Find the line with "آویز پلاک طلا 18عیار میکی موس140424" in the records below. Copy it and every line after it, up to and including the line with "Quinton Residences precinct".
Working data: Begin
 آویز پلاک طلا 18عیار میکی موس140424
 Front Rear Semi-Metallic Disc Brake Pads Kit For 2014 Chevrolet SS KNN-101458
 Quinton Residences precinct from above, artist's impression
Working data: End
Working data: Begin
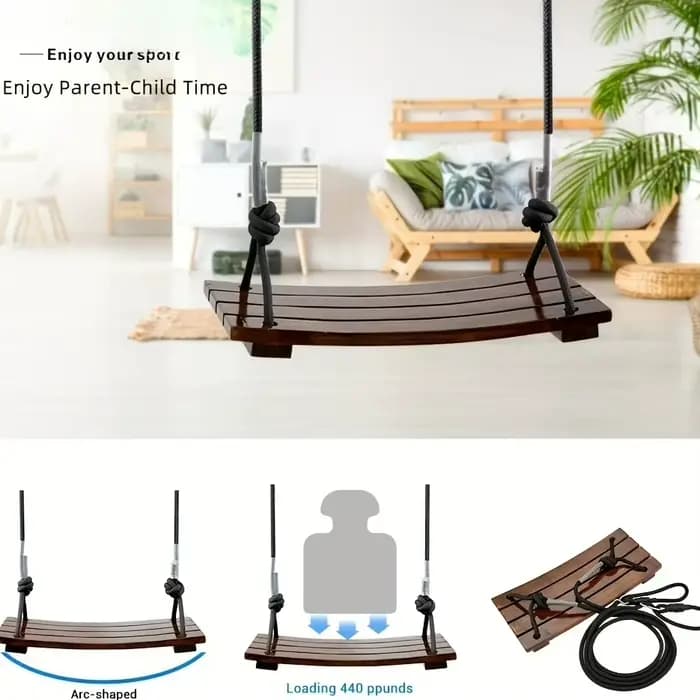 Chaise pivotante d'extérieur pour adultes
Working data: End
### Output for this exercise
 آویز پلاک طلا 18عیار میکی موس140424
 Front Rear Semi-Metallic Disc Brake Pads Kit For 2014 Chevrolet SS KNN-101458
 Quinton Residences precinct from above, artist's impression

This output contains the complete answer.